A bipartition is the division or sorting of the leaves/tips of a tree into two mutually-exclusive and collectively-exhaustive subsets (i.e., a partition, in the set theory sense, of the leaves of the tree into exactly two non-empty subsets; hence the term, “bi-partition”). Every edge on a tree corresponds to a bipartition in the sense that if were were to split or bisect a tree at a particular edge, the leaf sets of each of the two new trees constitute the a bipartition of the leaf set of the original tree. In the context of evolutionary trees like a phylogeny, the leaves typically are associated with operational taxonomic unit concepts, or, for short, taxa. So, just as we view a tree as a schematic representation of the relationships of taxa, we can see bipartitions as a representation of a clustering of taxa.

For example, given a tree:

((a,(b,c)),(d,(e,f)));

the edge subtending the leaf node with taxon “d” corresponds to the bipartition that splits “d” from the rest of the taxa. Similarly, the edge subtending the most-recent common ancestor (MRCA) node of taxa “d”, “e”, and “f” corresponds to the bipartition that splits “d”, “e”, and “f” from the rest of the taxa, “a”, “b”, and “c”.

A Bipartition Can Be Described by a Bitmask

If we were to index the taxa of the tree, with the first taxon getting index 1, the second index 2, the third index 3, etc. and so on until index $n$, we can represent any possible split as sequence of symbols, such as:

abbabbaa

where the symbol indicates membership in one arbitrarily-labeled group (e.g., “a”) or the other (e.g., “b”) of a particular taxon, based on how we relate the taxon indexes to the position of the symbols in sequence.

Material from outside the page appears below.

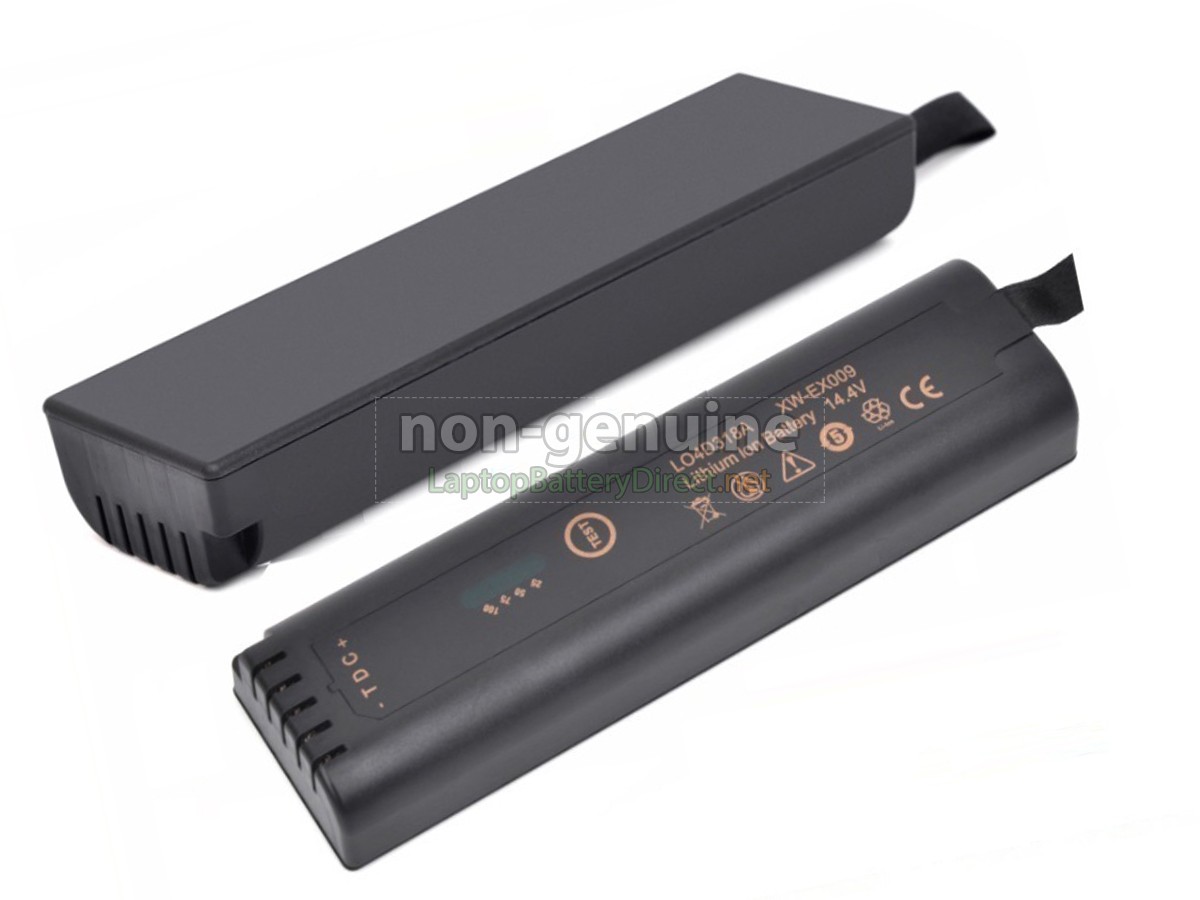 replacement Exfo XW-EX009 battery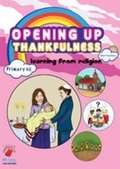 Cover: Opening Up Thankfulness - Christian Education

If we were to use a left-to-right order, such that the first element corresponded to the first taxon, the second to the second taxon, and so one, the above sequence would describe the a partition of the taxa {1,2,...,8} into the sets {1,4,7,8} and {2,3,5,6}. However, in DendroPy, we use a right-to-left order (for reasons explained below), such that the right-most element corresponds to the taxon with index 1, the next right-most element corresponds to the taxon with index 2 and so on, so the sequence above represents a partition of the taxa {1,2,...,8} into the sets {1,2,5,8} and {3,4,6,7}.

Let us say that we had a set of 8 taxa {A,B,...,H}:

A, B, C, D, E, F, G, H

which we assign indexes {1,2,...,8} according to the following scheme:

Taxon A B C D E F G H
Index 1 2 3 4 5 6 7 8

Then we can describe a bipartition that divides the taxa into two groups {A,B,E,H} and {C,D,F,G}, using right-to-left ordering and symbols “0” and “1” (instead of “a” and “b”) as:

Taxon Index 8 7 6 5 4 3 2 1
Group 0 1 1 0 1 1 0 0

We can succintly and usefully represent the bipartition above with an integer given by interpreting the sequence of 0’s and 1’s as bits. Interpreting the sequence above, “01101100”, as a binary number or bitmask means that this bipartition can be represented as the decimal integer “108”.

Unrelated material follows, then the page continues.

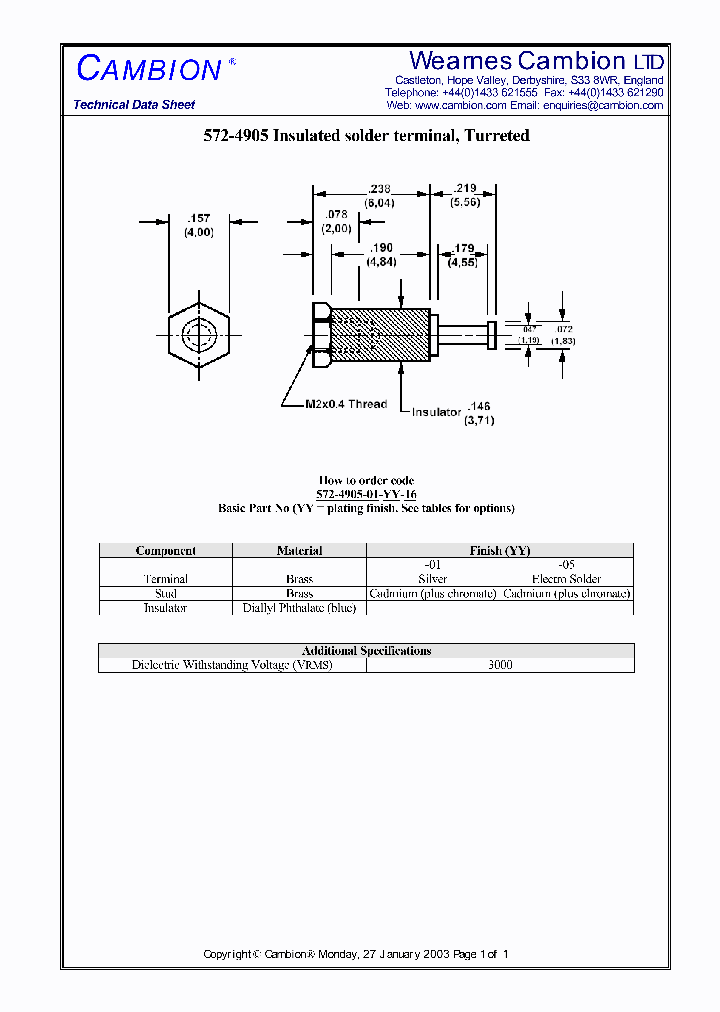 572-4905_4723735.PDF Datasheet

This, in essence, is how bipartitions are represented in DendroPy: as integers that are interpreted as bitmasks (also known as bit arrays, bit vectors, or bit fields, though exact application of terminology varies depending on whether or not primary operations are bitwise or dereferencing through offset indexes or field names, etc.), where the 0’s and 1’s assign taxa to different subsets of the bipartition.

As an example, consider the following tree:

[&R] (A,(B,(C,(D,E))));

This would be encoded as:

/----------------------------- 00001 (A)
11111
|      /---------------------- 00010 (B)
\------11110
    |       /-------------- 00100 (C)
    \-------11100
            |      /------- 01000 (D)
            \------11000
                    \------- 10000 (E)

The leaves are assigned bitmasks based on the indexes of the taxa, while the internal nodes are given by a bitwise OR-ing of the bitmasks of their children.

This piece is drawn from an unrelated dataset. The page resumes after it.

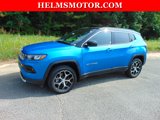 Certified 2024 Jeep Compass Limited image 3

Modeling Bipartitions Using Leafset Bitmasks and Split Bitmasks

In DendroPy, bipartitions are modeled using bitmasks as discussed above, i.e., integers that, when represented as a bitarray or bitstring, specify the assignment of taxa into one of two groups, based on whether or not the bit corresponding to the taxon index is set or not.

In fact, each bipartition is actually modeled by two types of bitmasks: a leafset bitmask and a split bitmask:

  • A leafset bitmask is a bit array in which the presence of a taxon in the leaves descending from the edge associated with the bipartition is represented by a set bit (“1”), while its absence is represented by an unset bit (“0”). The taxa are mapped to bit positions using a least-significant bit mapping scheme, in which the first taxon is represented by the least significant bit, the second taxon is represented by the next most significant bit, and so on.

  • A split bitmask is a bit array which divides or partitions taxa by assign each taxon to one of two arbitrarily-labeled groups, “0” or “1”, depending on whether or not a bit is set or not in the position corresponding the taxon index under a least-signficant bit mapping scheme as described above.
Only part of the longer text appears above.